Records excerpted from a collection
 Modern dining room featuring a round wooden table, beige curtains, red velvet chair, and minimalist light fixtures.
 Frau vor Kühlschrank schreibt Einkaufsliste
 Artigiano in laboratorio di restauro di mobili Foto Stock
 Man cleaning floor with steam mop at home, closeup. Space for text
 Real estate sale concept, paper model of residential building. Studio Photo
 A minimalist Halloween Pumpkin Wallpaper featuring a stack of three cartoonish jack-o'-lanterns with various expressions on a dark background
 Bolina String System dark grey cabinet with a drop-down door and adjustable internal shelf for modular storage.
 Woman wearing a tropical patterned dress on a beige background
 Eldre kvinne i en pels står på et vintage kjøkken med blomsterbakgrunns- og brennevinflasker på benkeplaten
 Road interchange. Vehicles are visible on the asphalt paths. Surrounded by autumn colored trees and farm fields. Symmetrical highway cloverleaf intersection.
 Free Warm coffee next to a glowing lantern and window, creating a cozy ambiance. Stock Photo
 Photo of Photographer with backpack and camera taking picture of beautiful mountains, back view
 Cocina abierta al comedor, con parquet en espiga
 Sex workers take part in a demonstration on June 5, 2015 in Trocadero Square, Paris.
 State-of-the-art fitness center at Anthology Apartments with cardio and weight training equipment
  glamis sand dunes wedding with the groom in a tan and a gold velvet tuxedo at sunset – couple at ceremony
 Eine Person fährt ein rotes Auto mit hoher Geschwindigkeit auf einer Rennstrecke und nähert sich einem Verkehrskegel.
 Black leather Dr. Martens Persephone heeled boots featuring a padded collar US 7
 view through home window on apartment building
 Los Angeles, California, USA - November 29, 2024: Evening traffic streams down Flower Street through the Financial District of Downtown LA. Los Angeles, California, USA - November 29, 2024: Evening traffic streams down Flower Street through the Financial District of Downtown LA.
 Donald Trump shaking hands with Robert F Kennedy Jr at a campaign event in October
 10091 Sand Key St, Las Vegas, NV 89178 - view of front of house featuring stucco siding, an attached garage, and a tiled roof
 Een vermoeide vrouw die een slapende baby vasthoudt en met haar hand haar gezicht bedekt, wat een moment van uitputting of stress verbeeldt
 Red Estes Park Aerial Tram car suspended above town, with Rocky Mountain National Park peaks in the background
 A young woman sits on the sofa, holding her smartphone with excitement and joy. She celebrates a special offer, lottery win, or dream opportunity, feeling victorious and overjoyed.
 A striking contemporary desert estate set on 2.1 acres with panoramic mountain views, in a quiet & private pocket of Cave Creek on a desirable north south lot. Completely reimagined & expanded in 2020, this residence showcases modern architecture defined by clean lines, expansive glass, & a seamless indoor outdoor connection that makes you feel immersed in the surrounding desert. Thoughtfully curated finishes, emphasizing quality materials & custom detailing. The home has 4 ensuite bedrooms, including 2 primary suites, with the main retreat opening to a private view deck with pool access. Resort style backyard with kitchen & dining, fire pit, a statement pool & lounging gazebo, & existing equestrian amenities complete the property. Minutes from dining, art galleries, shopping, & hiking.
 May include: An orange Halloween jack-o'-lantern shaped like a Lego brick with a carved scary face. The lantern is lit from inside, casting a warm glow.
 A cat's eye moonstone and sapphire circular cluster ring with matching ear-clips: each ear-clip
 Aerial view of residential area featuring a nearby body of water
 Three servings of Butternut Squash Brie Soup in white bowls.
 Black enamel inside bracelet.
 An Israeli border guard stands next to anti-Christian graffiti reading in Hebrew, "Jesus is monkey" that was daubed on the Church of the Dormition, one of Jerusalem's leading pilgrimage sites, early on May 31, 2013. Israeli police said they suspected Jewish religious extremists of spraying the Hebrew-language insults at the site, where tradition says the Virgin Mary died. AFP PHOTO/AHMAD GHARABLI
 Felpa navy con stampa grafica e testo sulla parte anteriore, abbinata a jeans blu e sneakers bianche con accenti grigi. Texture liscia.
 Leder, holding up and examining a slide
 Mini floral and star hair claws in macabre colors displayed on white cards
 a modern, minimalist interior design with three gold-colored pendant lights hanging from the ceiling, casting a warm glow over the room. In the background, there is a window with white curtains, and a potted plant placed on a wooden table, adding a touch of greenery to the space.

WORK ITEM:
Transcribe all records exactly as written.

EXERCISE OUTPUT:
 Modern dining room featuring a round wooden table, beige curtains, red velvet chair, and minimalist light fixtures.
 Frau vor Kühlschrank schreibt Einkaufsliste
 Artigiano in laboratorio di restauro di mobili Foto Stock
 Man cleaning floor with steam mop at home, closeup. Space for text
 Real estate sale concept, paper model of residential building. Studio Photo
 A minimalist Halloween Pumpkin Wallpaper featuring a stack of three cartoonish jack-o'-lanterns with various expressions on a dark background
 Bolina String System dark grey cabinet with a drop-down door and adjustable internal shelf for modular storage.
 Woman wearing a tropical patterned dress on a beige background
 Eldre kvinne i en pels står på et vintage kjøkken med blomsterbakgrunns- og brennevinflasker på benkeplaten
 Road interchange. Vehicles are visible on the asphalt paths. Surrounded by autumn colored trees and farm fields. Symmetrical highway cloverleaf intersection.
 Free Warm coffee next to a glowing lantern and window, creating a cozy ambiance. Stock Photo
 Photo of Photographer with backpack and camera taking picture of beautiful mountains, back view
 Cocina abierta al comedor, con parquet en espiga
 Sex workers take part in a demonstration on June 5, 2015 in Trocadero Square, Paris.
 State-of-the-art fitness center at Anthology Apartments with cardio and weight training equipment
  glamis sand dunes wedding with the groom in a tan and a gold velvet tuxedo at sunset – couple at ceremony
 Eine Person fährt ein rotes Auto mit hoher Geschwindigkeit auf einer Rennstrecke und nähert sich einem Verkehrskegel.
 Black leather Dr. Martens Persephone heeled boots featuring a padded collar US 7
 view through home window on apartment building
 Los Angeles, California, USA - November 29, 2024: Evening traffic streams down Flower Street through the Financial District of Downtown LA. Los Angeles, California, USA - November 29, 2024: Evening traffic streams down Flower Street through the Financial District of Downtown LA.
 Donald Trump shaking hands with Robert F Kennedy Jr at a campaign event in October
 10091 Sand Key St, Las Vegas, NV 89178 - view of front of house featuring stucco siding, an attached garage, and a tiled roof
 Een vermoeide vrouw die een slapende baby vasthoudt en met haar hand haar gezicht bedekt, wat een moment van uitputting of stress verbeeldt
 Red Estes Park Aerial Tram car suspended above town, with Rocky Mountain National Park peaks in the background
 A young woman sits on the sofa, holding her smartphone with excitement and joy. She celebrates a special offer, lottery win, or dream opportunity, feeling victorious and overjoyed.
 A striking contemporary desert estate set on 2.1 acres with panoramic mountain views, in a quiet & private pocket of Cave Creek on a desirable north south lot. Completely reimagined & expanded in 2020, this residence showcases modern architecture defined by clean lines, expansive glass, & a seamless indoor outdoor connection that makes you feel immersed in the surrounding desert. Thoughtfully curated finishes, emphasizing quality materials & custom detailing. The home has 4 ensuite bedrooms, including 2 primary suites, with the main retreat opening to a private view deck with pool access. Resort style backyard with kitchen & dining, fire pit, a statement pool & lounging gazebo, & existing equestrian amenities complete the property. Minutes from dining, art galleries, shopping, & hiking.
 May include: An orange Halloween jack-o'-lantern shaped like a Lego brick with a carved scary face. The lantern is lit from inside, casting a warm glow.
 A cat's eye moonstone and sapphire circular cluster ring with matching ear-clips: each ear-clip
 Aerial view of residential area featuring a nearby body of water
 Three servings of Butternut Squash Brie Soup in white bowls.
 Black enamel inside bracelet.
 An Israeli border guard stands next to anti-Christian graffiti reading in Hebrew, "Jesus is monkey" that was daubed on the Church of the Dormition, one of Jerusalem's leading pilgrimage sites, early on May 31, 2013. Israeli police said they suspected Jewish religious extremists of spraying the Hebrew-language insults at the site, where tradition says the Virgin Mary died. AFP PHOTO/AHMAD GHARABLI
 Felpa navy con stampa grafica e testo sulla parte anteriore, abbinata a jeans blu e sneakers bianche con accenti grigi. Texture liscia.
 Leder, holding up and examining a slide
 Mini floral and star hair claws in macabre colors displayed on white cards
 a modern, minimalist interior design with three gold-colored pendant lights hanging from the ceiling, casting a warm glow over the room. In the background, there is a window with white curtains, and a potted plant placed on a wooden table, adding a touch of greenery to the space.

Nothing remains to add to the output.